Data entries
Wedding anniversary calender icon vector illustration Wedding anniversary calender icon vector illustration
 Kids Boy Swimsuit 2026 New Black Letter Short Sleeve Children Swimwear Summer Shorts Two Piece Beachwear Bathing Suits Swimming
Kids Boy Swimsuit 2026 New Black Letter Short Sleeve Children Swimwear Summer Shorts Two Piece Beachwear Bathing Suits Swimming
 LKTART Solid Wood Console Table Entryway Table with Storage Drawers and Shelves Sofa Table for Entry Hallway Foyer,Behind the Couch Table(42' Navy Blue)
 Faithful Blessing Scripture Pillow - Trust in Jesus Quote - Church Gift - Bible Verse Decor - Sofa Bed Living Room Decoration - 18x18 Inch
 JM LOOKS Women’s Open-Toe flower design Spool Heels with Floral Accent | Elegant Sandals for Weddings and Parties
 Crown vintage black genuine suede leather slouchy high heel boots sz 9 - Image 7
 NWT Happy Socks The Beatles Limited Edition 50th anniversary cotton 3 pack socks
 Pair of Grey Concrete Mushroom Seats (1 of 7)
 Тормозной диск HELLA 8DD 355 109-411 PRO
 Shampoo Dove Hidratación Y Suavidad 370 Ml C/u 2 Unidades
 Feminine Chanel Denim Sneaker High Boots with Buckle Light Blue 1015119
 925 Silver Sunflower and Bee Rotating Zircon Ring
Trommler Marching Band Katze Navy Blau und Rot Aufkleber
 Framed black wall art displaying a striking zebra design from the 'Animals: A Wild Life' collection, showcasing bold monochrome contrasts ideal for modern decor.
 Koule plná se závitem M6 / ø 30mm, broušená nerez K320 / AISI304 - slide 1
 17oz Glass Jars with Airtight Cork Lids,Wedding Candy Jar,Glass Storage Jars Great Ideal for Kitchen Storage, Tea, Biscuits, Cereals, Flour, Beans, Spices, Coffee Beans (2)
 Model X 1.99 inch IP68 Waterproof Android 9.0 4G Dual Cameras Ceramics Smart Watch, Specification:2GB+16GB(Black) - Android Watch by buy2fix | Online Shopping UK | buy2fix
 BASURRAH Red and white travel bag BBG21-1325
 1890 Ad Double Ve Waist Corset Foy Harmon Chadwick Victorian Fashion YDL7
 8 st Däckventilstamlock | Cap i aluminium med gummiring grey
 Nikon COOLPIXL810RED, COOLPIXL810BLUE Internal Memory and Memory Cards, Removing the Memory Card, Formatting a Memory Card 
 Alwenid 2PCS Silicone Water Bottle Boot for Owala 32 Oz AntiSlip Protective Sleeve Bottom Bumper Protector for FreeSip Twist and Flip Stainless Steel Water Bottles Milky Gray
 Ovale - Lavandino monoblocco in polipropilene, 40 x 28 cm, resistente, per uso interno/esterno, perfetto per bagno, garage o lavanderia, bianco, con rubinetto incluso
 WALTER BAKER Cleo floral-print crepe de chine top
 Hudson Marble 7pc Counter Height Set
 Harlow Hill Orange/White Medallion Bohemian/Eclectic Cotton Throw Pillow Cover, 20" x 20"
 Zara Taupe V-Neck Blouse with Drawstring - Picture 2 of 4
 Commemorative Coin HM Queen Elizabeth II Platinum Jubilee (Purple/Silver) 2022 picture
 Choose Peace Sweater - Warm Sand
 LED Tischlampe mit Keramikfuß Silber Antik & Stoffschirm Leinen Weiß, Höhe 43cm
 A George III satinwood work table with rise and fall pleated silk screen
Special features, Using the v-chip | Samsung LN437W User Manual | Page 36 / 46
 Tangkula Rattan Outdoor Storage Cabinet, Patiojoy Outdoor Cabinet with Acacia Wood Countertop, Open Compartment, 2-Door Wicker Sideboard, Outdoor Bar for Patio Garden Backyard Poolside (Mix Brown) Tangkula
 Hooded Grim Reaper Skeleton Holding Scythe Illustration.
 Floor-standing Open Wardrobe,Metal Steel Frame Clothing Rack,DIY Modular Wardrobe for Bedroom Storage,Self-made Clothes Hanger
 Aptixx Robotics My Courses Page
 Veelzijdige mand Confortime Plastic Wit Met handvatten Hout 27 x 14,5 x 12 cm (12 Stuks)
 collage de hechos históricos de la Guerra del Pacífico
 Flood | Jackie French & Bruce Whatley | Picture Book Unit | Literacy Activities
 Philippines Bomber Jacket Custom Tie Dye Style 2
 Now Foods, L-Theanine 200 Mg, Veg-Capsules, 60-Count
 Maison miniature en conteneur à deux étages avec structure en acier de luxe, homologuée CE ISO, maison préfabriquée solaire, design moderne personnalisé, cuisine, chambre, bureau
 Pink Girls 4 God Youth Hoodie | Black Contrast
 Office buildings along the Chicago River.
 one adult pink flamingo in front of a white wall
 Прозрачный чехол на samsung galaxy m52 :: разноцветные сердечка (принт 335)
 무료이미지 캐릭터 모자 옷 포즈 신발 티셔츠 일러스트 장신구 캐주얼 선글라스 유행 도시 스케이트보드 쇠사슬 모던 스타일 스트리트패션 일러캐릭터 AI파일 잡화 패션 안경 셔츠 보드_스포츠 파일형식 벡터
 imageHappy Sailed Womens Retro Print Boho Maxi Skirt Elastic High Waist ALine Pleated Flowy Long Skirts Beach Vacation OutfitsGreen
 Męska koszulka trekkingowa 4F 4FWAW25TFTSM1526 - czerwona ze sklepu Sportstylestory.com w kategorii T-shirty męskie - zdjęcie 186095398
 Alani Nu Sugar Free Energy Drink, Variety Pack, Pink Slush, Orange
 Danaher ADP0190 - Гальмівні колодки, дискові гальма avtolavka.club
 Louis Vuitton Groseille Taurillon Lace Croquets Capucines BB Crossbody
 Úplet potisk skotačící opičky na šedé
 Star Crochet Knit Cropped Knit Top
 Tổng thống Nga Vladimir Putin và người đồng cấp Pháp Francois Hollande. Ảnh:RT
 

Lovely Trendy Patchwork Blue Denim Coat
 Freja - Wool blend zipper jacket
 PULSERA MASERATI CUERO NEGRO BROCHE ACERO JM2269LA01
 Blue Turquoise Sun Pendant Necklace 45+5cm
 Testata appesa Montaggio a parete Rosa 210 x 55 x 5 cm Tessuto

### Task goal
Within the data above, how many lines contain "Page"? Respond with the tally alone.

### Response
2